Likewise, modern American Indian experiences do not easily fall within distinct geographic categories of on or off reservation or along the urban/reservation divide. Keeler adds a third and overlooked class of suburban Indians who “are dissimilar from their American Indian counterparts in urban areas and from those who live on reservations in rural places not only because of their residential location but also because of key socioeconomic indicators and in terms of identity” (p. 145). Because of increased access to education, employment, and homeownership, suburban Indians experience more upward social mobility.
Keeler’s study, however, is not one of triumphalism. While there has been increased homeownership among a certain segment of American Indian people in Minnesota, in recent years there has been in the heart of Minneapolis an increased visible houseless Indigenous population, leading to confrontations and challenges with the police and city officials. The interventions Keeler puts forward touch on how the federal trust status of American Indians is typically seen as only relevant within context of federal trust lands on reservations. But American Indians don’t stop being American Indians legally or culturally when they leave reservations.
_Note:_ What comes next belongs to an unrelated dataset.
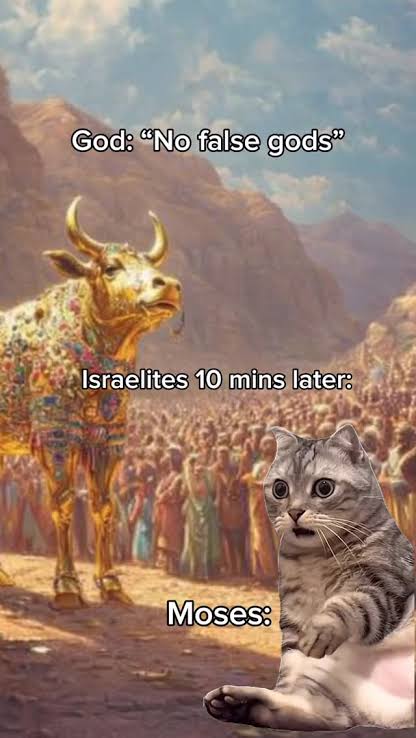 seekracle tweet media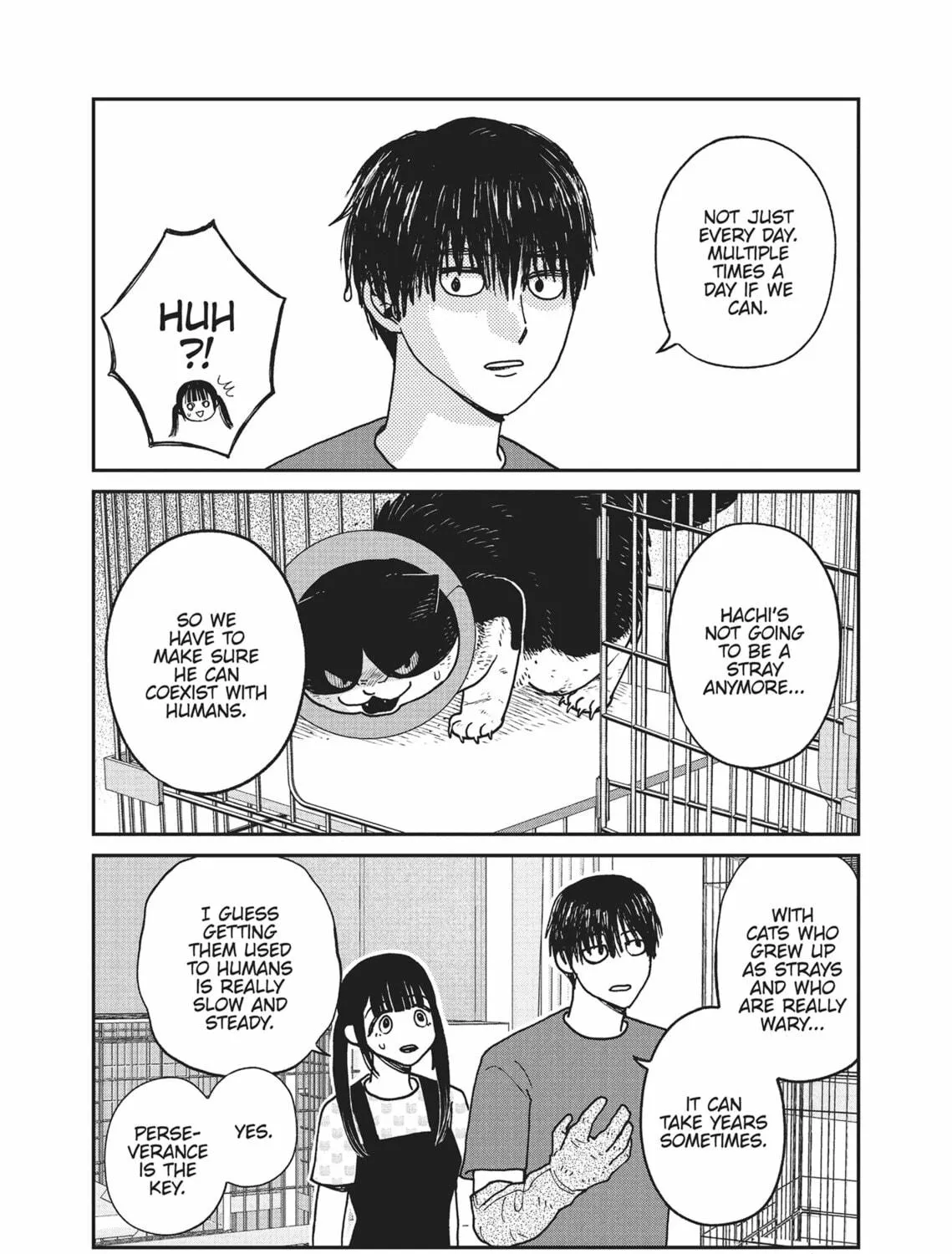 Cat Companions Maruru and Hachi Chapter 15 page 19 -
So why don’t those federal trust responsibilities, guaranteed through treaties and agreements based on a mutual recognition of sovereignty, follow them off the reservation? For example, some federal housing funds available to reservation–based, tribal communities don’t apply in urban or suburban geographies. Keeler raises these important questions while pushing scholars to take seriously how settler colonialism isn’t just a feature of housing inequality, but foundational to it.